Indonesia dengan jumlah remaja yang besar sedang menghadapi tantangan serius terkait kasus seks di luar nikah. Tingginya angka kehamilan remaja, penyakit menular seksual, dan kekerasan seksual menjadi topik yang hangat diperbincangkan. Berdasarkan data dari UPT Perlindungan Perempuan dan Anak Gunungkidul, pada 2022 tercatat ada 51 kasus remaja hamil di luar nikah dan mengajukan permohonan dispensasi pernikahan. Lalu dari Januari-Juli 2023 tercatat 49 kasus. Data tersebut hanya berasal dari salah satu daerah di Indonesia. Lalu apakah daerah lain juga mengalami hal serupa? Akankah angka tersebut terus meningkat?
Salah satu faktor utama dari kehamilan remaja adalah kurangnya akses remaja terhadap informasi yang akurat dalam seks. Bahasan mengenai seks merupakan hal tabu bagi banyak orang dan menimbulkan ketidaknyamanan. Hal ini menjadi hambatan utama dalam memberikan edukasi seks pada remaja. Tidak dapat dipungkiri bahwa lingkungan pertemanan juga mempengaruhi pergaulan remaja saat ini. Mengapa bisa? Karena pemikiran, tingkah laku, dan sifat anak akan terbentuk dari bagaimana lingkungan tersebut. Munculnya media sosial membuat mereka dapat mengakses informasi dengan mudah. Namun, terkadang mereka tak dapat menyaring informasi dengan baik karena kurangnya pengawasan dan edukasi. Hingga akhirnya terjerumus ke dalam pergaulan bebas dan menciptakan dampak negatif.

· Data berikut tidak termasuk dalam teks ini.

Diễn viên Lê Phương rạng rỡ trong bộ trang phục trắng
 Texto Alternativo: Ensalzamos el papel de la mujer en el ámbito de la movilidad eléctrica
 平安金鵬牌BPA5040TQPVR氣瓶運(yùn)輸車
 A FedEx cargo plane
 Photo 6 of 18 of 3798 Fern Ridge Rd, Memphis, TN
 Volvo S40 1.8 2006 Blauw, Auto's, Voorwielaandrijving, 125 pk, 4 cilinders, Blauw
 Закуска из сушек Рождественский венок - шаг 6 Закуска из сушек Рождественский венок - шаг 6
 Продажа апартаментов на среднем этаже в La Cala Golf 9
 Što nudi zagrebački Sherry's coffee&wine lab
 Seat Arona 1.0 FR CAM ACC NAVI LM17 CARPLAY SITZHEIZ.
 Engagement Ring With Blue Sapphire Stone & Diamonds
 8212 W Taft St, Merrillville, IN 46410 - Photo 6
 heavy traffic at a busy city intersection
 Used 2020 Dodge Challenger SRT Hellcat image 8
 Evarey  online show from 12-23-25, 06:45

Pendidikan seks bukan sekadar memberi pemahaman tentang reproduksi, tetapi juga nilai-nilai, perilaku, dan hubungan yang baik. Setelah memahami nilai-nilai, mereka diharapkan berperilaku sesuai norma dan membangun hubungan sehat. Selain itu, mereka harus mampu mempertimbangkan segala risiko dari perilakunya. Namun, tak banyak orang paham pentingnya hal tersebut. Buktinya, banyak kehamilan di luar nikah, penyakit menular, dan kekerasan seksual terjadi. Hal ini menunjukkan bahwa remaja kurang memahami nilai-nilai kehidupan.
Sebagai orang tua, penting untuk memberi pengawasan dan perhatian lebih mengenai edukasi seks. Orang tua harus memiliki pemikiran terbuka agar anak dapat tumbuh dengan baik. Sekolah juga mempunyai peran penting dalam memberikan edukasi seks. Namun, banyak sekolah hanya membahas tentang reproduksi ketika baligh. Sekolah kurang memberi penjelasan terkait risiko dan frekuensi pemberian materi pun hanya sedikit. Hal ini dapat diubah dengan menciptakan program pendidikan agar siswa mudah memahami pentingnya edukasi seks dan meminimalkan risikonya. Frekuensi pemberian materi juga perlu diperhatikan. Selain itu, pemerintah perlu memberi dukungan dengan membuat kampanye agar masyarakat terbuka mengenai seks. Media sosial dapat digunakan untuk memperluas penyebaran informasi. Dengan bantuan influencer, diharapkan informasi yang disebarkan akan mempengaruhi audience dan memberi dampak yang baik akan kesadaran masyarakat mengenai seks.